Do you want any sour patch kids? ~Nat
Do they have chicken on them?? ~Robby
Hey everybody! Check out the pool…it’s kinda freakin me out! ~Steve
That’s not a mosquito bite, that’s f*ed. ~John
I can’t get down. I am stuck on the top bunk forever. ~Whit
We are well on our way to the 5000 beers I predicted for the week ~John
Molly really hates Thanksgiving. She knows it was founded on Pilgrims making fun of Native Americans ~Whit
In the words of Steve Burkett; ‘way to be dude’ ~Blake
Yeah you’d jump on the table too if you were being attacked from behind ~Soups
If you were being attacked from behind it had to be Travis ~Tim
It was my birthday present to myself; because I love me ~Soups
If I were a girl I’d be crying right now ~Blake
Was anybody else intimidated by that game where you throw the balls on rope? I couldn’t go to the bathroom for 2 hours! ~Uncle Jerry
Dane in, dine out ~Robby
I’m Jack Johnson, I know my chords ~Robby
Did you see that outside light go on? ~Jillsy
We call that lightening here in North Carolina ~Big Rob
Wait a minute, I hear something…that’s the f*ing ocean! ~Uncle Jerry
Don’t zoom in on me. Yes do, show me. ~Monte
1, 2, looove…no! Again! ~Monte
He’s singing in anticipation of losing a girl he’s never had ~Big Rob
I didn’t drive 900 miles to be picked on people. ~Soups
Why would Ashlee Simpson be on here? ~ Big Rob (Karaoke Revolution)
So you can practice singing off key ~ Uncle Jerry
Take a hit of my lyrical chronic ~John
Robby, when did you turn into a girl? ~Jillsy (Karaoke Revolution)
My beer pong partner is not going to marry my daughter. Robby? Yeah, you can marry Robby, I don’t care. ~Big Rob
He never shuts the door ~Carolyn
He shut it…he just didn’t lock it! ~Nate
I’ve been known to hit shit. If it’s a song I know ~Steve
I guarantee no one else at the Outer Banks is making a turkey right now. ~Big Rob (@ 2am)
I was the only one in the theater. Nobody’s comin in; I’m taking my pants off. ~Soups
I hear it gnawing on a Snickers that I had purchased ~John (the infamous mouse)
Chris, you are so gay ~Big Rob
You are! I’ve never seen your feminine side! ~Jillsy
I would cut off a finger to have this night on DVD. ~Blake
I had to get a fridge outta the beer. ~Soups
I love those two! They need to make more albums together. ~Robby (about Whit & John)
We were walking on the ocean...~Jillsy
Were you?? Are you Jesus Christ now? ~Robby
He really didn’t ‘take it easy’. ~Rob (Jackson Browne)

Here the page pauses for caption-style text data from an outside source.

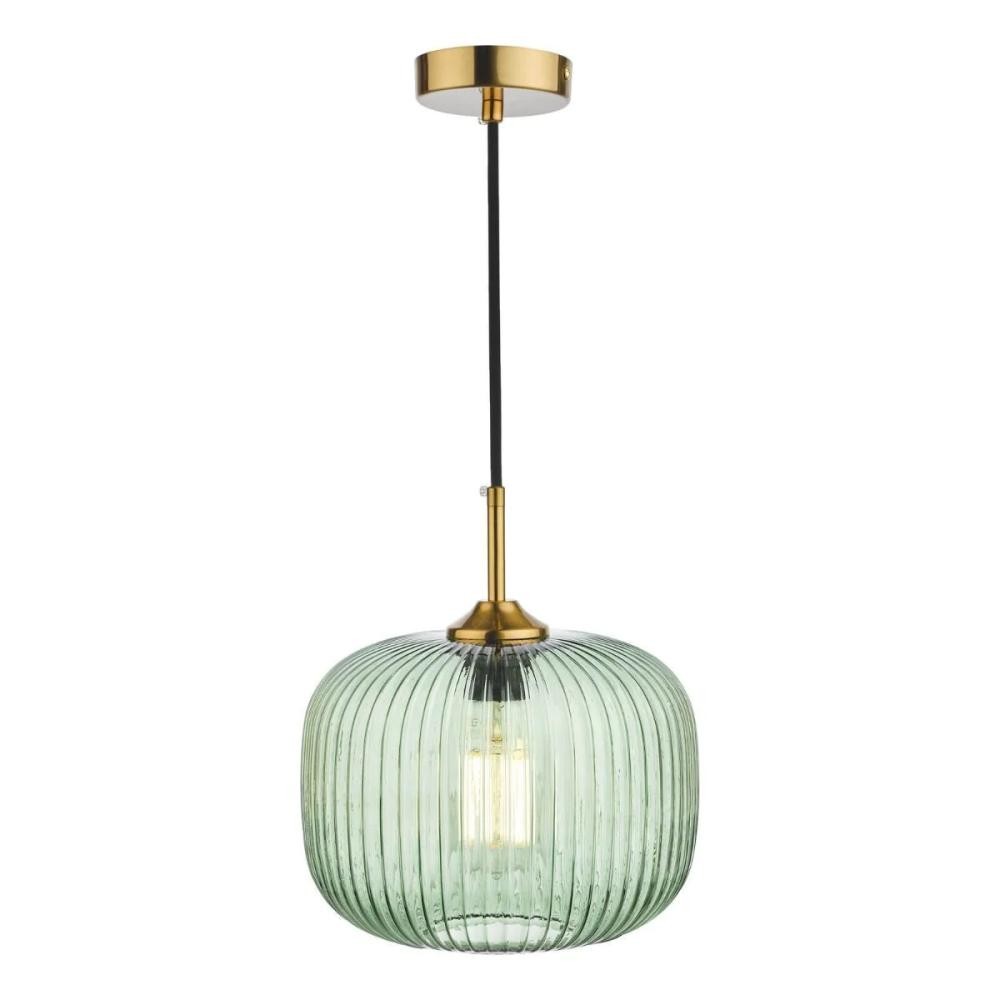 Demarius 1 Light Ribbed Glass Pendant Lamp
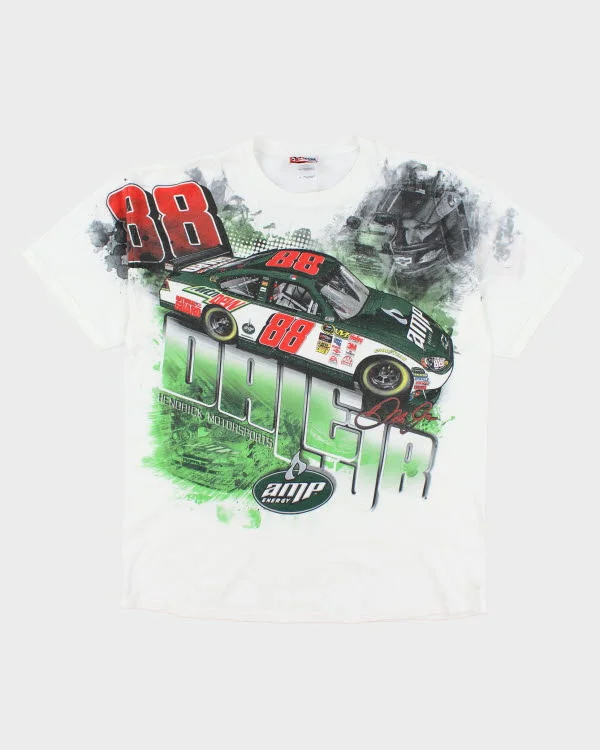 Vintage Dale Jr. Racing All Over Print T-shirt - L Cashmere Blend Cotton Blend Poly Blend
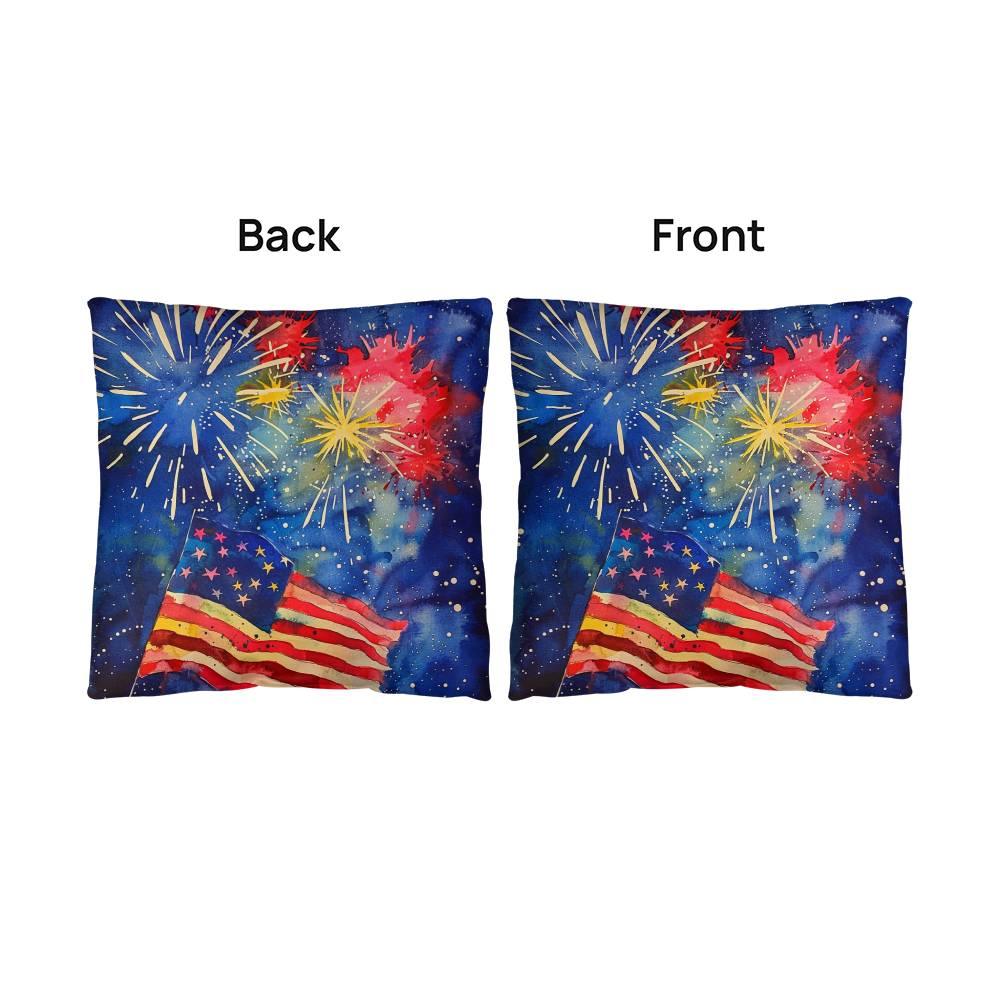 Fireworks Flag and Freedom Patriotic Indoor-Outdoor Home Decor Pillow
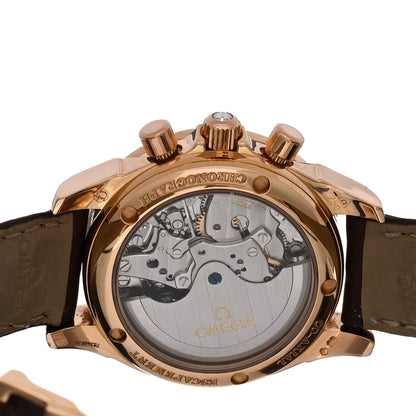 Omega 18K Rose Gold Alligator Diamond Mother of Pearl 35mm De Ville Co-Axial Chronograph Automatic Watch Brown 4677.60.37 4 of 4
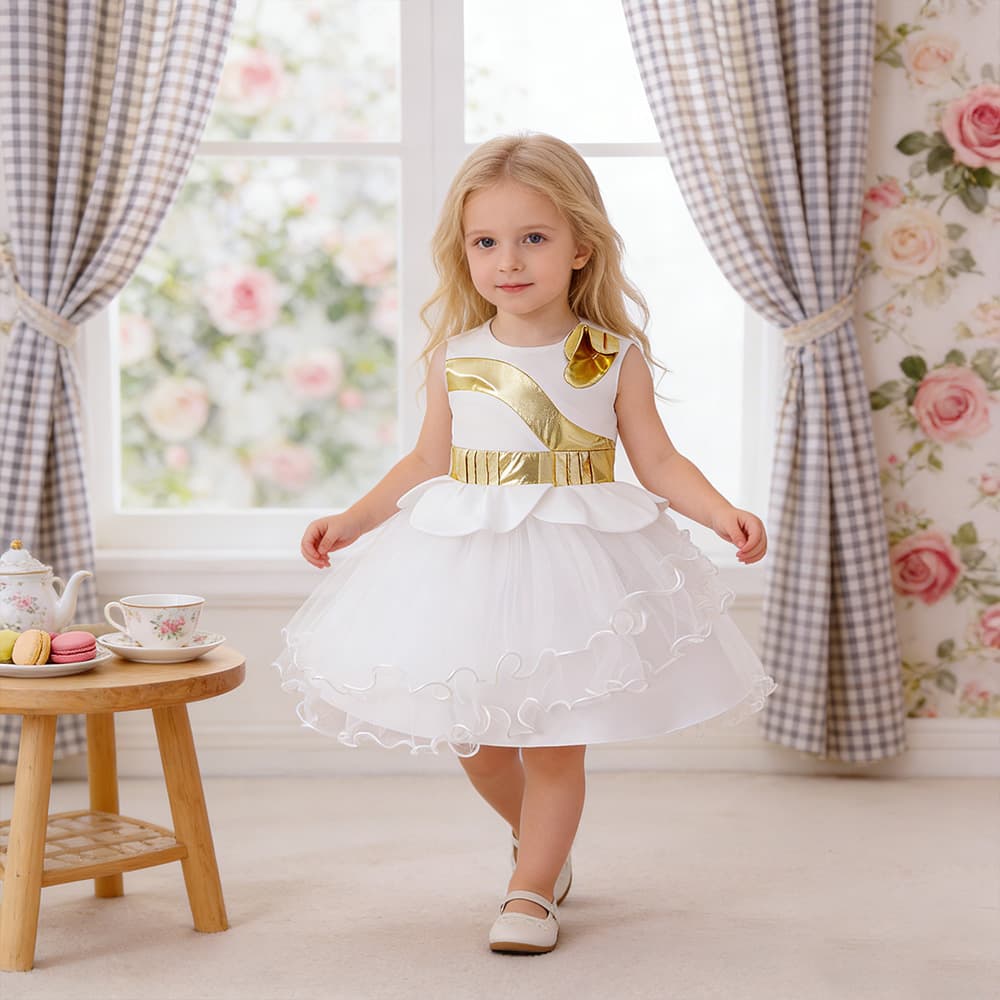 Girls' 1-Year-Old Princess Dress, Baby Puffy Mesh Dress, Toddler Girl Performance Dress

*If I misquoted anyone I apologize; you were all just too funny to forget what was said! It was great to meet everyone, take care! :o) Nat

3 Comments:

Blogger Bri said...

Those are hilarious. I am a little sad that I didn't get to be quoted. I especially like the one about cutting off a finger to have the night on DVD, and the Ashlee Simpson Karaoke Revolution comment. You KNOW I rock it out on KR.

August 23, 2006  
Anonymous Anonymous said...

The best quote was really fom Jim Mullally about your "battery powered" bottle opener.

August 23, 2006  
Blogger Whitney said...

Awww, these are great. They gave me a good laugh. Thanks, Jill!